Udofia played at Georgia Tech from 2009-13 before being selected by the 87ers in the 2013 Draft. The Stone Mountain, Georgia native spent time playing professionally for Siarka Tanobrzeg in Poland and the G League’s Austin Spurs, and it was his time in Austin that truly opened his eyes to the possibility of coaching.
“I went to the Austin Spurs, and I was just the players’ coach,” Udofia said. “I was the leader helping guys that needed help with anything… on the court, off the court.
“After the season they approached me with the thought coaching and asked if I would interview for a job. I said, ‘No, I’m young. I want to play basketball. That’s all I want to be doing. I don’t want to be a coach, you know, I’m young’.”
The following year, Udofia went overseas to play in Poland. While there, he discovered he had a hip injury, and all of a sudden, that conversation in Austin catapulted to the forefront of his mind.
“I still can move, I still can play, but it wouldn’t allow me to play at a high level,” Udofia reflected. “So I decided to hang it up and start my coaching career. That how I ended up here.”
Fast-forward to today, and the guy they call “Moo” is right at home in Wilmington. He’s fully embraced his coaching role and hopes to move up the ladder in the future.
“I want to be a head coach,” Udofia explained. “So, start at the bottom as you guys know, and the G League is a grind, so I wanted to start here at the bottom and work my way up.”
His peers in the coaching world support Udofia in his current role, and in his long-term aspirations. Phil Martelli Jr. was an assistant coach with the Sevens last season, and now serves as the Director of Basketball Operations at Saint Joseph’s University.
“Mfon Udofia is a budding star in coaching, to tell you the truth,” Martelli Jr. said of his ome-time sideline colleague. “He’s going to do big things either at the professional level or the college level.”
Udofia credits his growing reputation to hard work and the true passion he has for the job.
“Just helping guys get better, seeing guys reach their full potential, reach their dream of going to the NBA, playing at a high division in college, whatever the case may be,” Udofia described as his reasons for loving coaching.
Although he’s not wearing a jersey, Mfon Udofia practices his craft just as seriously as the players do. “In coaching, you may see guys standing on the sideline, but it’s not as easy as people make it seem, so you have to continue to practice and practice. This is the G League, so you get a lot of practice under your belt and you get the chance to get better and grow,” Udofia explained.

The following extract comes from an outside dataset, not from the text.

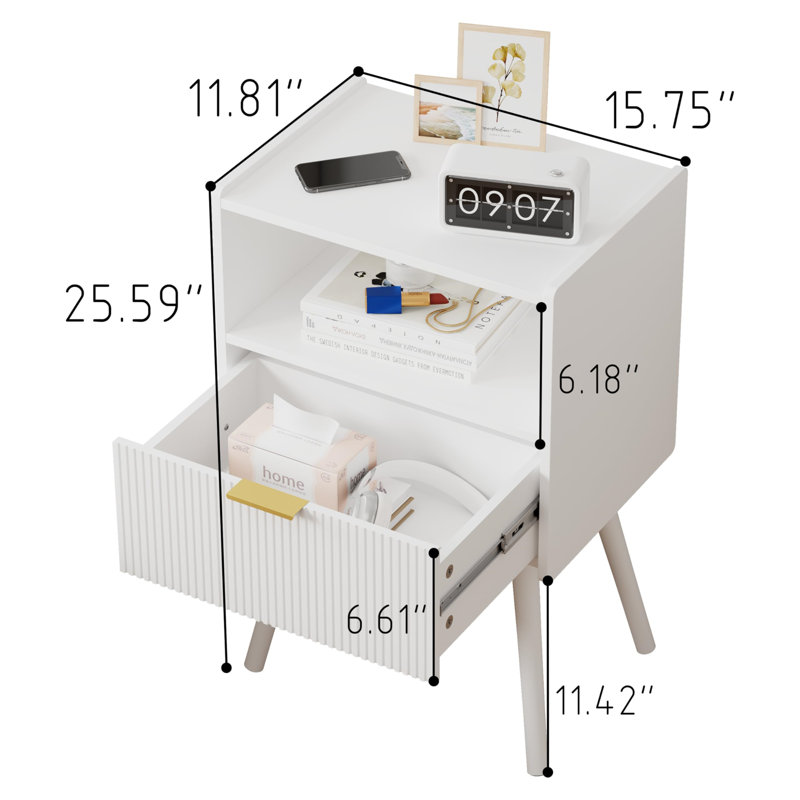 40cm W Manufactured Wood Bedside Table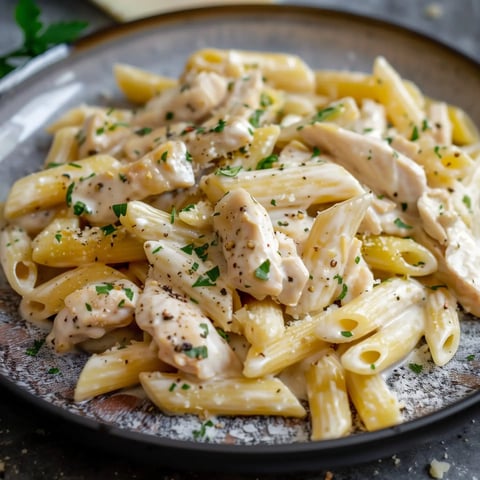 Pâtes au poulet crémeuses avec persil servies dans une assiette.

Former Phoenix Suns head coach Earl Watson an important mentor in Udofia’s journey through the game.
“[Watson] coached me in G League when I was with Austin and he always told me, ‘Basketball is the route you take, it’s never your final destination’.”
Udofia has kept that advice with him and applied it to each step of his career.
“Basketball, that was the route I took, but it wasn’t my final destination. It may be coaching, it may be broadcasting, it may be whatever it may be,” Udofia explained. “So basketball opened up a lot of things for me.”